Uiteindelijk heeft de rechtbank de gevorderde voorzieningen van eiser geweigerd en hem veroordeeld in de kosten van de procedure. Dit vonnis benadrukt de noodzaak voor eiser om zijn claims met voldoende bewijs te onderbouwen en de juridische vereisten voor het opheffen van conservatoir beslag.

Uitspraak

Rechtbank Arnhem
Sector civiel recht
Zaak-/rolnummer: 116278 / KG ZA 04-500
Datum vonnis: 5 oktober 2004
Vonnis
in kort geding
in de zaak van
[eiser],
wonende te [woonplaats],
eiser bij dagvaarding van 29 juli 2004,
procureur mr. F.J. Boom,
advocaat mr. R.M. Kleemans en mr. T.M. Blomme te Amsterdam,
tegen
1. [gedaagde],
wonende te [woonplaats], Spanje
2. [gedaagde],
wonende te [woonplaats],
gedaagden,
advocaat mr. D.J. Straathof te Amsterdam.
Partijen worden hierna ook aangeduid als [eiser] en gedaagden en gedaagden afzonderlijk als [gedaagde] of [gedaagde].
Het verloop van de procedure
[eiser] heeft gedaagden ter zitting in kort geding doen dagvaarden en gevorderd als weergegeven in de dagvaarding.
Gedaagden hebben geconcludeerd tot weigering van de gevorderde voorzieningen.
De advocaten van partijen hebben de zaak bepleit overeenkomstig de door hen overgelegde pleitnotities.
Daarbij hebben zij producties in het geding gebracht.
Ten slotte is vonnis bepaald.
De vaststaande feiten
1. [eiser], kunstenaar, heeft [gedaagde], voormalig belastingconsulent, eind 1989, begin 1990, ontmoet, waarna zij met elkaar zijn gaan samenwerken. De samenwerking bestond onder meer daaruit dat [gedaagde] alle werken van [eiser] (al dan niet tegen betaling) in eigendom kreeg en dat hij optrad als een soort zaakwaarnemer/manager van [eiser] waarbij hij zich inzette ten behoeve van het succes van [eiser], in ruil waarvoor [eiser] een maandelijkse toelage, vliegtickets, etentjes etc. ontving. In goed overleg is de samenwerking tussen [gedaagde] en [eiser] in 1992 beëindigd, maar na enkele jaren hervat. [gedaagde] had toen inmiddels een relatie met [gedaagde].
In 1996 is die samenwerking uitgemond in de opening van “Galerie [eiser]” aan de [adres] te [woonplaats].

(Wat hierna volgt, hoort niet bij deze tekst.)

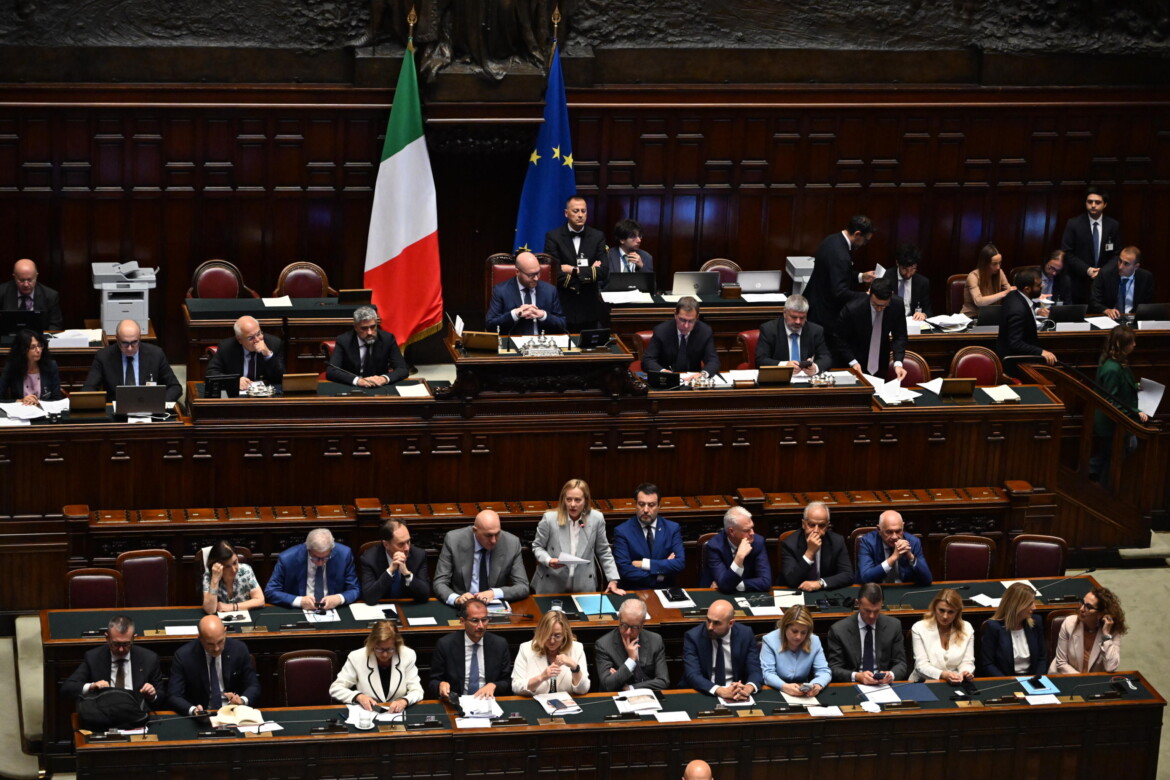 Meloni apre all’uso delle basi. «Ma solo con l’ok dell’Aula» Meloni apre all’uso delle basi. «Ma solo con l’ok dell’Aula»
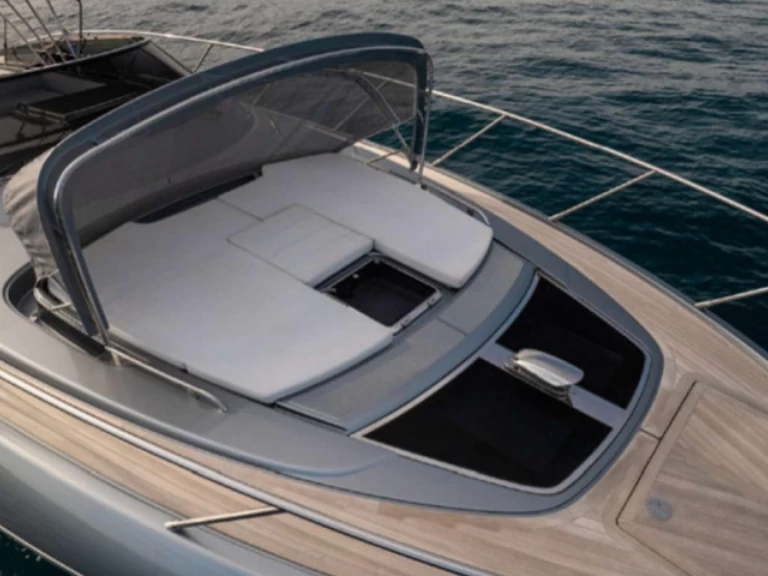 Motorboat rental with or without captain Riva Portofino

2. Gedaagden waren de beheerders van de galerie. Er werden geen nadere samenwerkingsafspraken gemaakt, alleen over de verdeling van de opbrengsten van de galerie maakten partijen een nieuwe afspraak, inhoudende dat [eiser] een overeengekomen percentage van de verkoopprijs van een origineel werk exclusief BTW zou krijgen en dat een overeengekomen percentage daarvan op de tegoedrekening bij de galerie zou worden gestort, welke rekening “de lat” werd genoemd. Ten aanzien van de verkoop van paintprints en monoprints van [eiser] zou de winst tussen partijen verdeeld worden.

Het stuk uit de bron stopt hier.